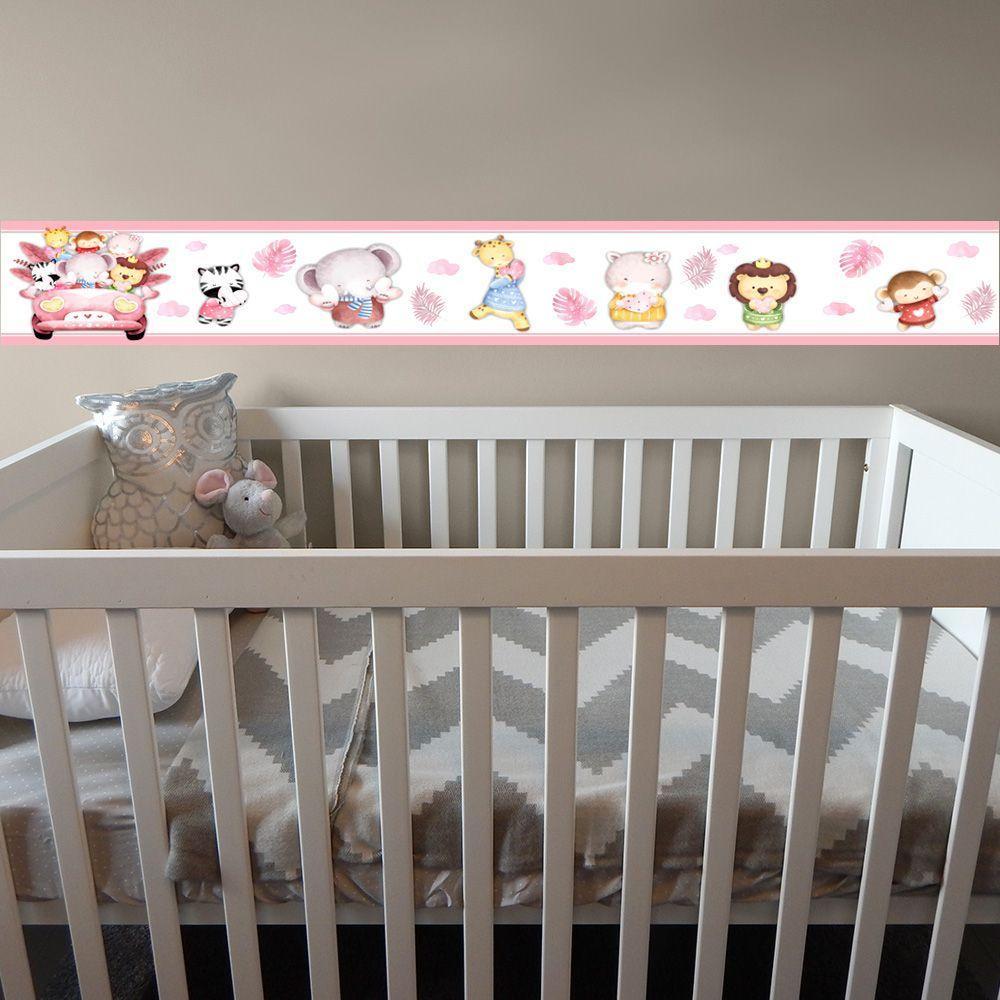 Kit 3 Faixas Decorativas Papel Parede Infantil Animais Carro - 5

...

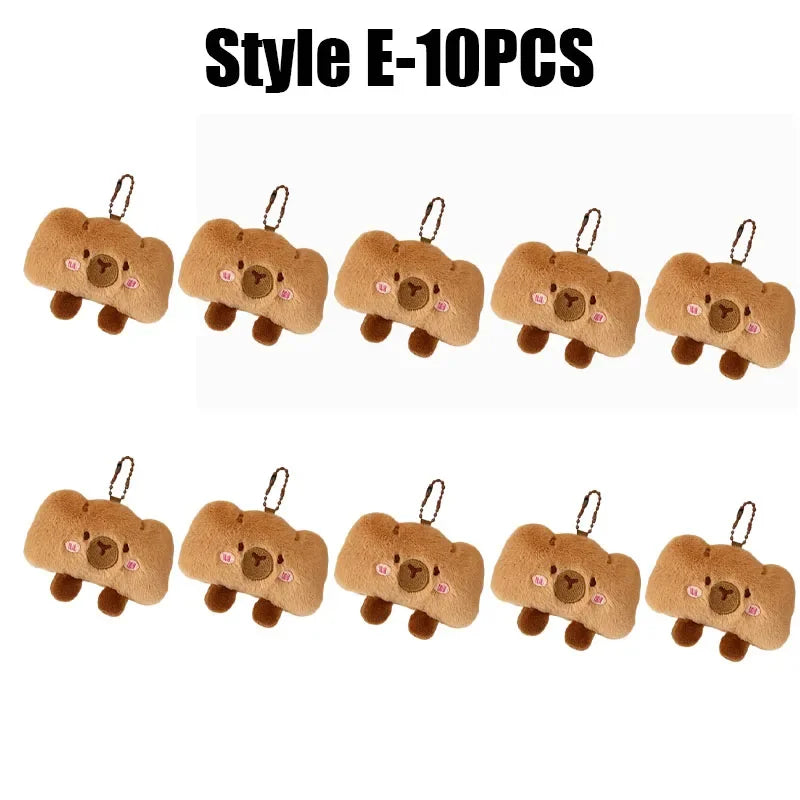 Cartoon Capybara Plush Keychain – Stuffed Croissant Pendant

--

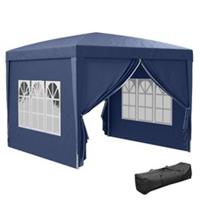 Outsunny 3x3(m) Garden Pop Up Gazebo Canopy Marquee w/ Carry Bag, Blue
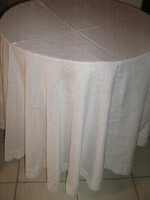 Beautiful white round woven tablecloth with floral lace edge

## PROBLEM
Copy the lines above between the one holding "Outsunny 3x3(m) Garden" and the one holding "Beautiful white round", inclusive. Drop the pictures.

## RESULT FOR THIS EXERCISE
 Outsunny 3x3(m) Garden Pop Up Gazebo Canopy Marquee w/ Carry Bag, Blue
 Beautiful white round woven tablecloth with floral lace edge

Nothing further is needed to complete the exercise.